RECAP gardeners set open house
Folks who grow gardens will tell you they never tire of collecting pounds of the fresh, colorful produce they've cared for all summer. One bite is enough to make you forget the days of pulling weeds, smacking bugs and scratching zucchini rash.
For a handful of people, that first, magical gardening experience happens in an unlikely place—the county jail.
On Monday, inmates in the Rock County Jail RECAP program will host an open house to show off the fruits of their labors. The event will feature tours of the RECAP gardens along Highway 14 as well as samples of produce, salsa and other snacks.
RECAP is a program that provides treatment services for people with addictions who have committed crimes.
RECAP participants must work at least 85 hours of community service, and the garden is one place they can do so, said Jason O'Connor, the county's RECAP site supervisor.

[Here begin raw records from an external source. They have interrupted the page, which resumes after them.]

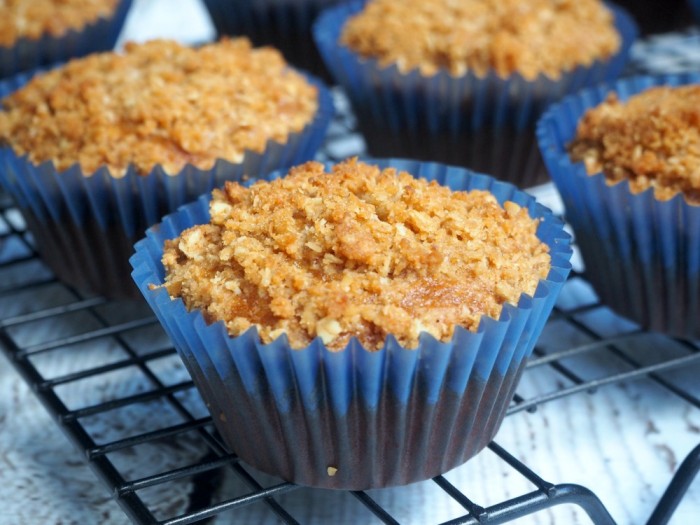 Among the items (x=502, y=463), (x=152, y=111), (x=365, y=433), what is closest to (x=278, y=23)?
(x=152, y=111)

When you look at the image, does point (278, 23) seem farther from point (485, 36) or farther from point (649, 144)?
point (649, 144)

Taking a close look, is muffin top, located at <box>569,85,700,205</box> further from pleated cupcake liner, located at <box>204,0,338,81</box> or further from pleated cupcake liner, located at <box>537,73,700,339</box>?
pleated cupcake liner, located at <box>204,0,338,81</box>

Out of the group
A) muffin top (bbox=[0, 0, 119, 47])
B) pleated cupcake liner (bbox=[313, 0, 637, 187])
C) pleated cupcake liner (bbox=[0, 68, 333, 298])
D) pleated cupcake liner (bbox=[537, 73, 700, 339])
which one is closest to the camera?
pleated cupcake liner (bbox=[537, 73, 700, 339])

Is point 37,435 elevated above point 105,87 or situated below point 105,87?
below

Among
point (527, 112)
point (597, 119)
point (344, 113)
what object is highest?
point (597, 119)

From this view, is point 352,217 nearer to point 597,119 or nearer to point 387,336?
point 387,336

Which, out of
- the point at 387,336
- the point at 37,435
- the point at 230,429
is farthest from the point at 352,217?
the point at 37,435

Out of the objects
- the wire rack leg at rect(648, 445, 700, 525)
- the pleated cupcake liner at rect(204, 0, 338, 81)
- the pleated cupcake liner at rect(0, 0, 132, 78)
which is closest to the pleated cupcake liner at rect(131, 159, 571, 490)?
the wire rack leg at rect(648, 445, 700, 525) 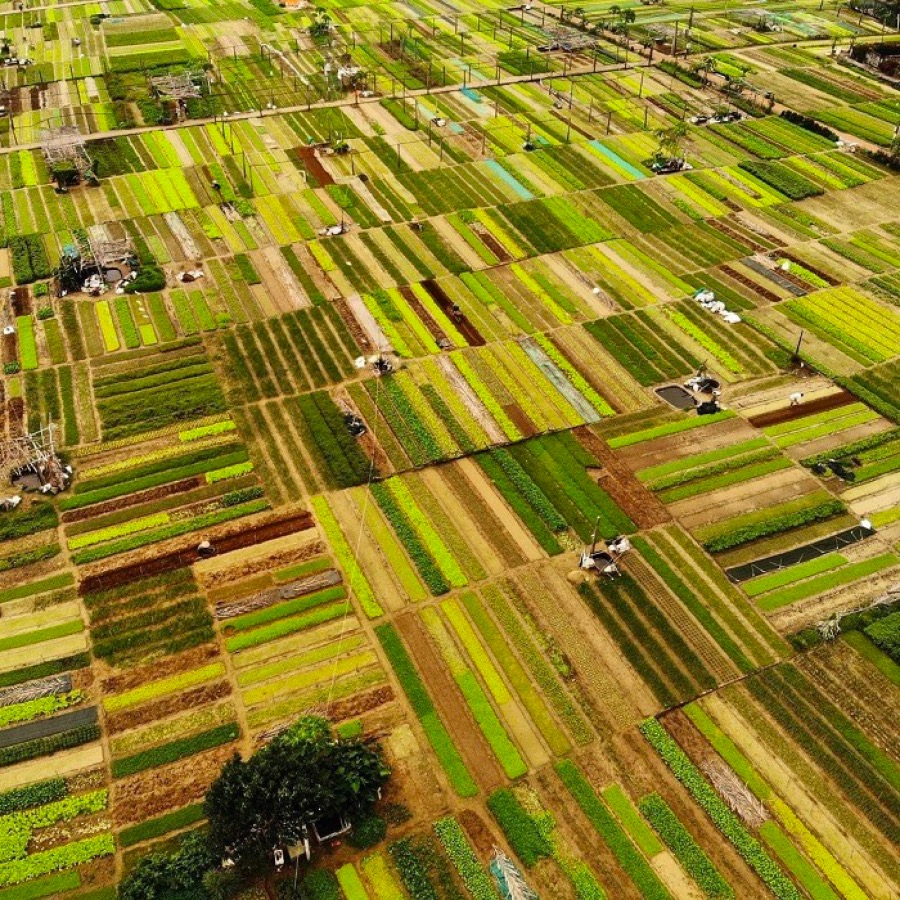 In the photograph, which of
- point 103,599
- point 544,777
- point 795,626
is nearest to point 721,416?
point 795,626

Last year, RECAP'ers put in 2,887 labor hours in the 1.5-acre garden, O'Connor said.
For many inmates, the RECAP garden is their first gardening experience, and the program is meant to be personally rewarding as well as educational, O'Connor said.
"Taking something from a seed and seeing it grow and producing something … it kind of says something for the person," O'Connor said.
It also lets the inmates give back to the community, he said. The produce is donated to WIC markets in Janesville and Beloit and to ECHO and served at Rock Haven.
"We give a lot of vegetables away," said Jim Haseman, who volunteers to supervise RECAP workers several days a week. "At this point in time, when we have so many hungry people, that is really important."
Haseman and volunteer Deb Grams, along with others, use the space for horticultural experimenting. Haseman said they have planted apples from seed and hope to do grafting.
The vegetable garden includes curly beans and an ornamental vine spinach variety, among other interesting treats.
The gardens are a joint project supported by the UW Extension, the Rock County Master Gardeners and the county. RECAP participants work in the garden often under the supervision of volunteers. The county's juvenile corrections program has a section of the garden—mostly pumpkins.
One space is reserved for RECAP alumni who are encouraged to stay in touch and participate. Many do, Haseman said.
The variety of projects serves a variety of goals, O'Connor said.
"My No. 1 mission is giving back to the community," he said. "And then educating our participants as to what the garden is all about."
IF YOU GO
What: RECAP garden open house
When: 3 to 6:30 p.m. Monday, Sept. 19.
Where: Directly east of Rock County Juvenile Corrections, 210 E. Highway 14, Janesville. The garden stretches along Highway 14 east of the juvenile facility.
Details: Walk through gardens maintained by Rock County Jail inmates under the supervision of staff and volunteers. Sample produce and see many unusual and heirloom varieties of vegetables. Use the main entrance to the jail, drive behind juvenile corrections and park on the road along the side of the garden. You'll see the hoophouse and the red tool shed.
More gardening: Stretching south from the RECAP gardens are dozens of plots that make up the Rock County Community Garden. Each season, families rent plots from the county. Gardening abilities range from beginner (can barely hold a shovel) to master (builds tomato trellises stronger than many homes.)
Feel free to walk through the garden. It's a great place to see many kinds of techniques at once. Maybe you'll decide you want a plot next year. But be warned: Gardeners pay for their plots, and the produce is private property. Treat it like you would someone's backyard garden and look but please don't touch.